# Finally, a video of the Haunt...



## oct31man (Sep 19, 2006)

I am finally getting around to posting some video clips of the haunt. I had one hidden camera in the dark. I taped both nights of the haunt, but lost most of the footage when someone pressed record after the tape had rewound, so it was erased except for the last 20 minutes. Here is one clip, I will upload some more soon.
Image hosting, free photo sharing & video sharing at Photobucket


----------



## oct31man (Sep 19, 2006)

Here's another good one...

Image hosting, free photo sharing & video sharing at Photobucket


----------



## perdidoman (Dec 2, 2007)

I love it


----------



## Revenant (Mar 17, 2007)

The quality of the recording may not be much, but the material is solid gold... that was great! Good scares there, and lotsa fun... that's what it's all about!


----------



## NickG (Sep 12, 2006)

pure terror!


----------



## DeathTouch (Sep 6, 2005)

I think the video flipping all the time is scary just in itself.


----------



## Cassie7 (Sep 16, 2007)

Awesome. I love screams in the night hehehehe Now, THATS what's it's all about


----------



## scareme (Aug 29, 2006)

Looks like your tots had a great time. How many people are in your haunt?


----------



## Brad Green (Jul 29, 2004)

Actors live for the sound of applause, but screams, now there's real music!


----------



## oct31man (Sep 19, 2006)

Thanks. Between scare actors and switch operators, I'd say we had about 20-30. Mostly teens. Here are pics of all that helped. http://oct31man.com/2007pics.htm


----------



## DoubleX (Jan 13, 2008)

LOL they screamed so loud! nice job dude.


----------



## theboogeymengraveyard (Aug 23, 2007)

LMAO that's great


----------



## Lilly (Jun 13, 2006)

great pics 31, even though vids are short they kinda cool in that scratchy way makes it more creepy


----------



## oct31man (Sep 19, 2006)

Thanks! Yeah, the lighting was bad. I wanted dim lights, but everyone kept turning them off. I will not let that happen again this year. Too dark.


----------



## Empress Nightshade (Jul 25, 2004)

oct31man said:


> Thanks! Yeah, the lighting was bad. I wanted dim lights, but everyone kept turning them off. I will not let that happen again this year. Too dark.

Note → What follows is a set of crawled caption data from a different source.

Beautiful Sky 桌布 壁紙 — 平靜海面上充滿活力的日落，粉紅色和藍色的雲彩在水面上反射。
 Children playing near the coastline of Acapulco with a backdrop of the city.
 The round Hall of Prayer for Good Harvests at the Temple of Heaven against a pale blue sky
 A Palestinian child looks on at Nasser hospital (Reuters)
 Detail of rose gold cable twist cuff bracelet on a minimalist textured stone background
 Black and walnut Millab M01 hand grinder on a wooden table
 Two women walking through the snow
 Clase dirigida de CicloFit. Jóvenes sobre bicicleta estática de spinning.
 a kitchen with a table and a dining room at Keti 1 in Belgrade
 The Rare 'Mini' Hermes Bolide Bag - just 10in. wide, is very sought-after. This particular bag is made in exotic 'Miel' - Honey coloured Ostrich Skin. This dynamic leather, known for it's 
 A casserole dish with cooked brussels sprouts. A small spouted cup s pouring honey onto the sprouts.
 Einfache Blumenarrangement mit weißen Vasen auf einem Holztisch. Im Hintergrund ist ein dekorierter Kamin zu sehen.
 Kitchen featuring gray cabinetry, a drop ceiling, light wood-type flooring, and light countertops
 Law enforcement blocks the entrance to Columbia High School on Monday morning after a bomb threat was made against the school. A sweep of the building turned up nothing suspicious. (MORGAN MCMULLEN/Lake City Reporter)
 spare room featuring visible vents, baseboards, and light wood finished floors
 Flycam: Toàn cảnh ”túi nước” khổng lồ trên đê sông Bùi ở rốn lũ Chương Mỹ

No night vision on your camera? Walmart has some very good and inexpensive cameras that have night vision and sound, as well. The type that you mount on walls, etc. I bought one two years ago and tested it out. But, I have yet to actually use it in the haunt. I'm gonna make another effort to this season.


----------



## hauntkid (Dec 16, 2007)

lol now that was funny!!!! lol all i could hear was screaming and a chainsaw all the way throught the vid. looks and sounds like a nice haunt!!!!


----------



## mymania (Jun 12, 2007)

Video has been moved or deleted?


----------